Another interesting trend identified in the trial search is the use of teraperatide, which is recombinant parathyroid hormone (PTH). Physiologically, PTH acts on osteoblasts and osteoclasts to resorb bone, increasing serum calcium. However, when given in a pulsatile fashion during treatment of osteoporosis, it increases bone mineral density (BMD) and improves bone architechture [56]. This likely occurs due to preferential osteoblast differentiation over osteoclast bone resorption [57]. Limited clinical studies of off-label use have shown positive effects on bone repair [58]. Therefore, the results of these clinical trials involving bone repair and fusion have the potential to add another treatment option in these difficult cases.

Nel-like molecule-1

Protein kinase C-binding protein Nel-like molecule-1 (NELL-1) is a growth factor originally identified in patients with craniosyntosis [59]. Since its discovery, animal studies involving overexpression as well as deficiency have confirmed its importance in bone formation [6063]. Investigators have attempted to utilize the osteoinductive effects of NELL-1 to enhance bone repair in experimental animal models. Rat and mouse explant studies demonstrated its ability to induce and accelerate bone growth [64, 65]. NELL-1 has also been investigated in many in vivo models, including a rat critical-sized femoral defect model and rat and sheep spine models, showing positive effects on bone growth and repair [6668]. The exact actions of NELL-1 in the signaling cascade are still being defined, but it is thought to act through Runx2 [62, 69, 70] and interact with BMPs and the sonic hedgehog (SHH) signaling pathway [7174]. This protein has demonstrated enormous potential in pre-clinical studies and further progress towards a clinical use is anticipated.

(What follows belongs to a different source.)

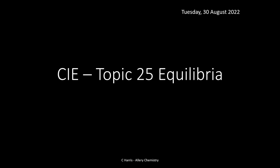Hello, my name is Chris Harris and I'm from Alleric Chemistry. Welcome to this video on Equilibria. This is topic 25 for the CIE — the Cambridge International's specification. If you are studying the Cambridge International's syllabus or qualification, this is the perfect place to get your targeted revision material. I have the full range of year one and year two videos for the CIE specification, all on the Alleric Chemistry YouTube channel.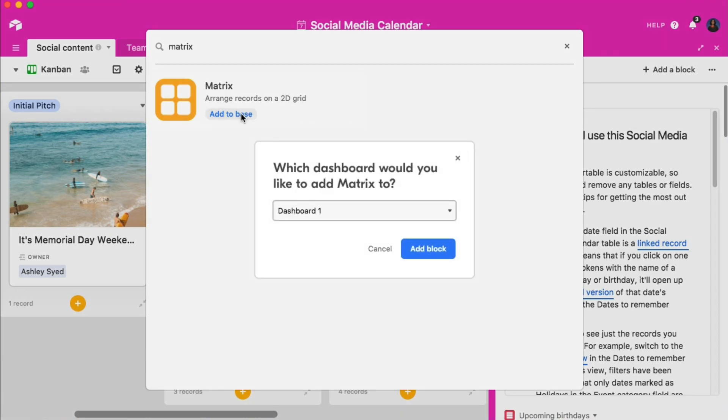If you already have multiple dashboards for your blocks, you can choose which one you'd like to add the matrix block to now. Otherwise just go ahead and click add block.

Coating implants with biologics

In addition to fracture repair and fusion procedures, biologic materials are being investigated as a coating material for orthopedic implants. Implants are an important part of orthopedic surgery but are susceptible to several drawbacks that accompany placing a foreign material in the body such as nonintegration, inflammation and immune response, and infection. The rationale for coating implants is to reduce these risks. In both oral and orthopedic implants, animal models show that ceramic coatings improve osteointegration. Biologic coatings such as extracellular matrix peptides, collagen, BMPs, and other growth factors have been investigated but are still in the early phases of pre-clinical study [75, 76]. Continued research study is needed to develop biologic implant coatings for routine human use.

Conclusion

The field of orthopedic surgery currently uses several biologic adjuvants in the treatment of a vast array of bone pathologies. Research is actively seeking ways to refine and optimize currently used treatments while simultaneously investigating promising new molecules. These advances combined with breakthroughs in other fields such as materials science, tissue engineering, and surgical technique ensure the continued dynamic evolution and progress of the field as a whole.